The one time I was actually only several blocks from a tornado that struck east campus in … you can do your own approximate math, yes? — I was living in a flimsy, foundation-less stick-made shingleville with thin metal door frames I could practically kick in. Yet, all was well. You can't count on much, at least in terms of predicting outcomes.

That brings me to my titled point. It is a starting place, actually; "Oh, great," you're thinking, "I just endured a half-dozen paragraphs and she's not even making a point yet." I always was more interested in introductions than completions, in 6-hour relationships than most that end up having to suffer the effects of distance, while time itself is not proportionately altered so as to keep old memories relevant, to keep memories from interfering with what is actually before one, with the events of merely and only the now.

Ah, she's been spending too much time reading choice-meat spinnings as Jean Baudrillard's no-it's-not-about-baby-formula simulations, representations, misrepresentations and simulacra.

It's windy out, and that troubles me. I'm sure you find it windy in here, too. No, but I mean that it is all relevant; Chang Rae Lee spoke about it, or at least was led to speak of it nearby the host at the library, of the faith in seeing written things, which are not always planned out to the letter by every writer, but which do come to their proper and full end. He mentioned that he thought everything one read or wrote became actually a memory itself, and it is impossible to unplant a seed (anyone's words).

So, earlier life seemed like a series of unlimited options.

The "or" of not being married is no longer my choice. The or of becoming some sort of scientist is also not within my realm; I have tested it. As for the former, it is a done-deal, neutral, for better or worse, and it's suiting me just fine. I mentioned to my friend recently that I despised being in love; I hated the illness, the gleeful anxiety that blocks all worries but of the other, blocks hunger and often, interferes with sleep. I used to get sick.
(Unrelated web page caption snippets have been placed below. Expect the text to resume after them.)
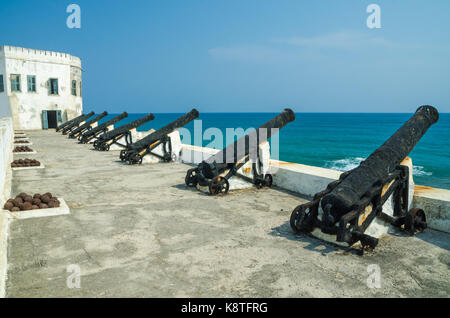 Berühmte Sklavenhandel fort von der Kolonialzeit Cape Coast Castle mit alten Kanonen und weiß getünchten Wänden, Cape Coast, Ghana, West Afrika. Stockfoto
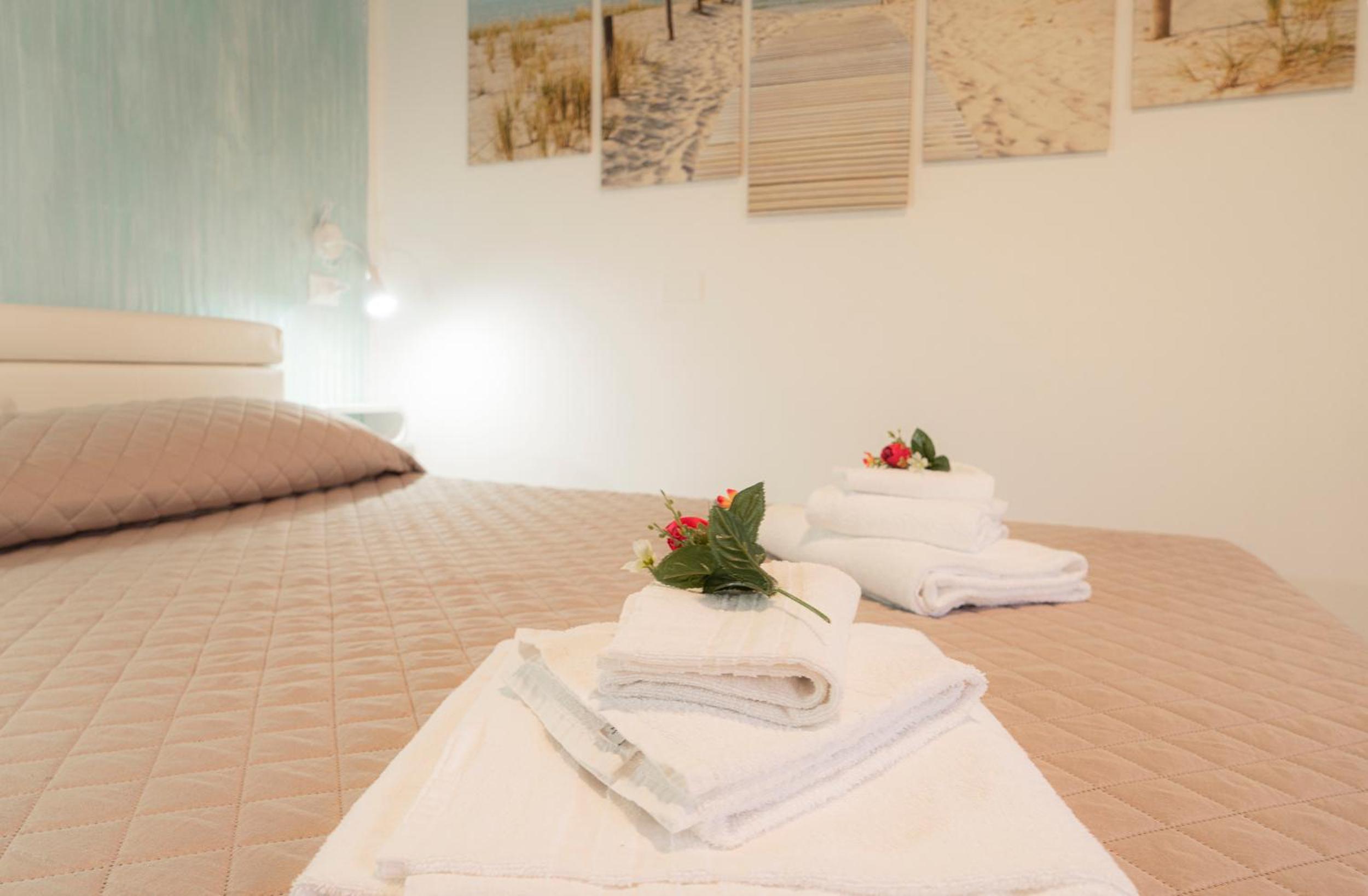 Double Room with Sea View - Photo 4
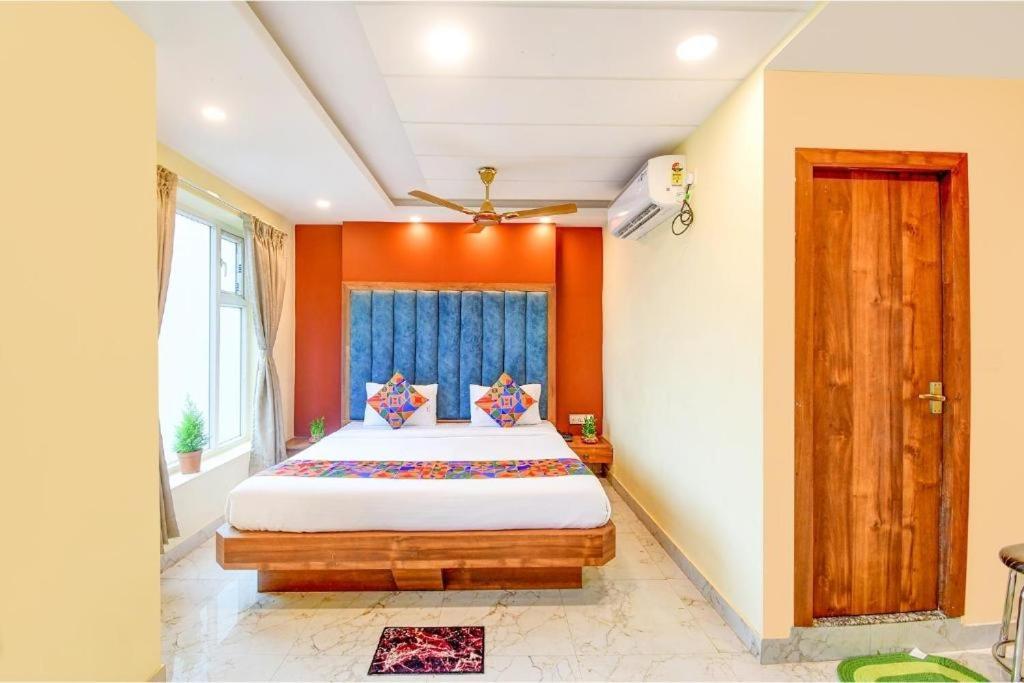 Hotel Aqua Tulip Колката Екстериор снимка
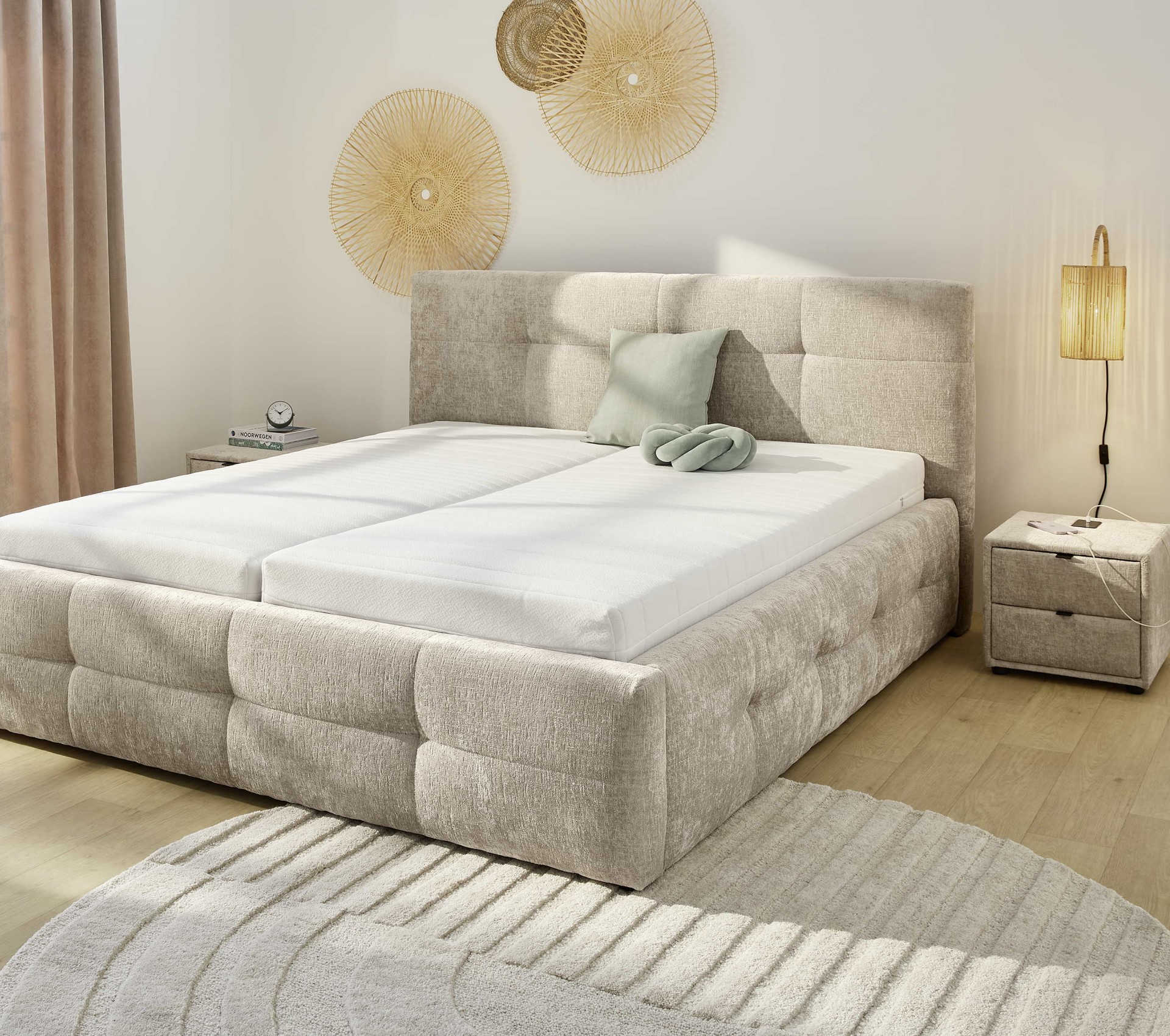 Polsterbett Tivoli in beige in einem modern gehaltenen, hell eingerichteten Raum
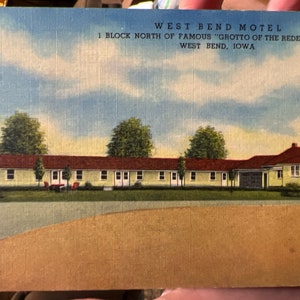 Schöne Antike Leinen Postkarte von West Bend Motel, 1 Block Der Erlösungsgrotte" in West Bend, Iowa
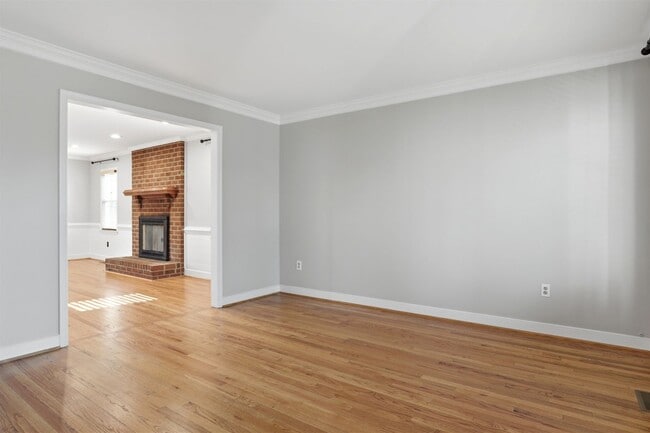 Building Photo - LOVELY 4 BEDROOM HOME IN MONACAN HILLS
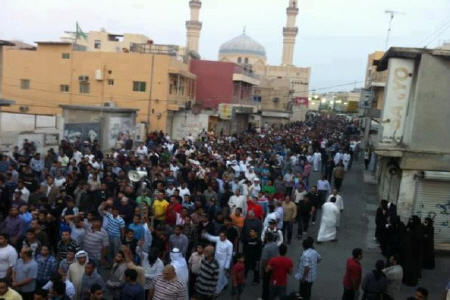 تشییع باشکوه جوان 19 ساله بحرینی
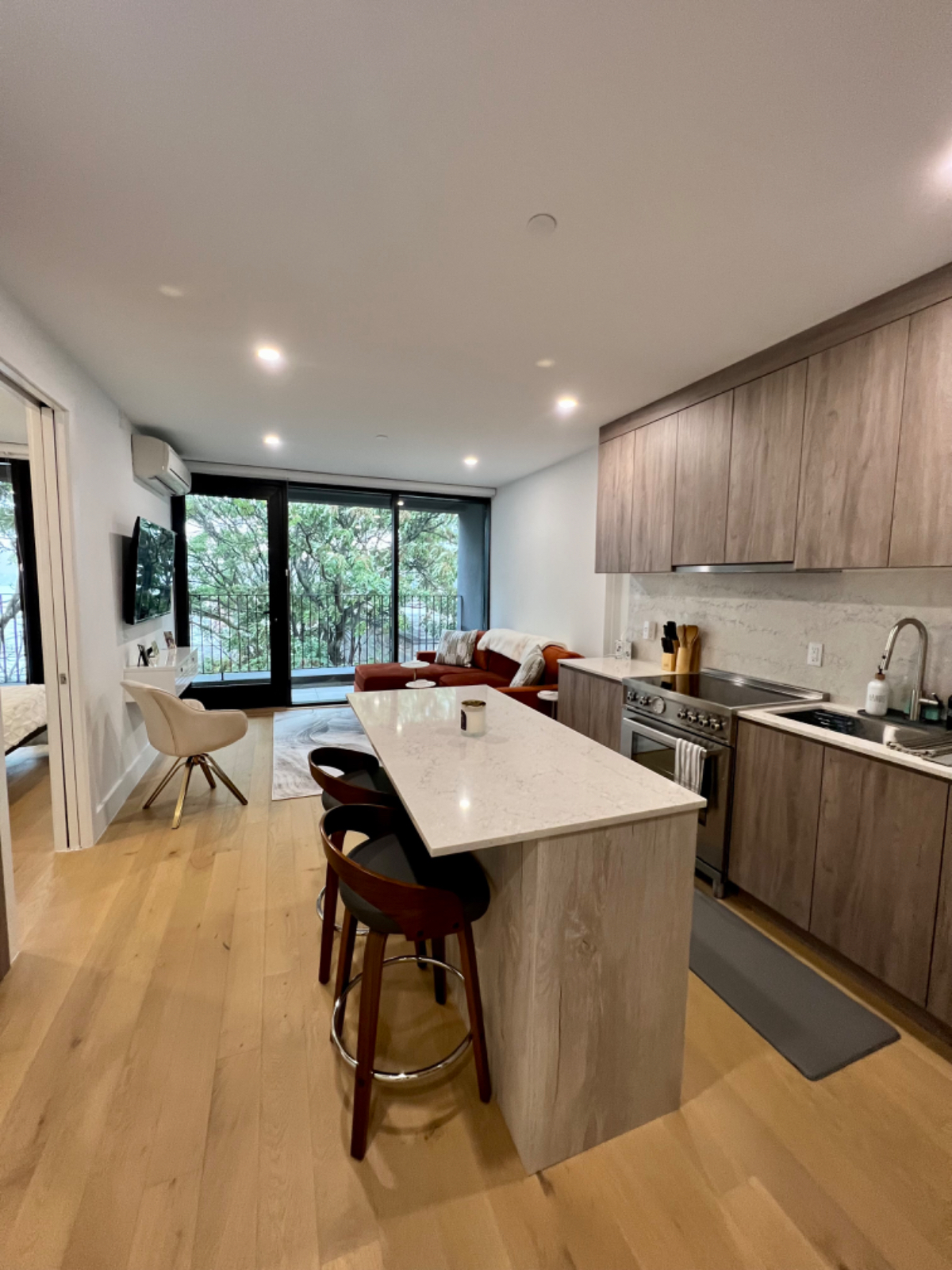 GORGEOUS RECENT CONSTRUCTION WITH NYC SKYLINE VIEWS - Photo 4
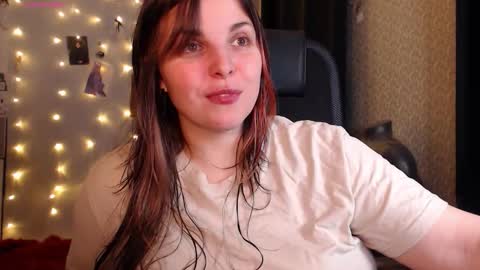 Saya online show from 09/10/25, 02:55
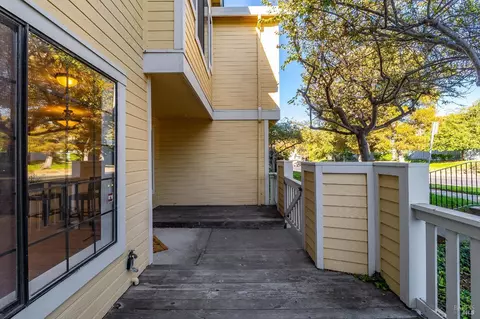 Exterior - 613 Devonwood, Hercules, CA 94547 photo 6 of 11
*the rest of you, perhaps are all innocent bystanders. remember when Jackie Childs, the Kosmo Kramer's lawyer, kept repeating that phrase at the New York-friends' trial … one of our topics about 24 hours ago during our last Art Now class was how 7-year-olds can't tell the difference between video games and reality … I swear, at least half of my classmates had children, and during the course, our teacher learned she was pregnant (second child); children-ness makes for an interesting slant during class discussions … so does racial mix — a fun classmate who reminds me of Diane K. in some ways declared, "So am I (Jewish), but we have to have our bacon," in response to another, one of the tallest men in the class, also-married and father of a 4-year-old, who was digging on the fried-pork sprinkles on the cream-cheese icing on the red velvet mini-cupcakes she had brought to class to share on last-class-not-really-learning-day and who felt compelled to announce "I'm Jewish."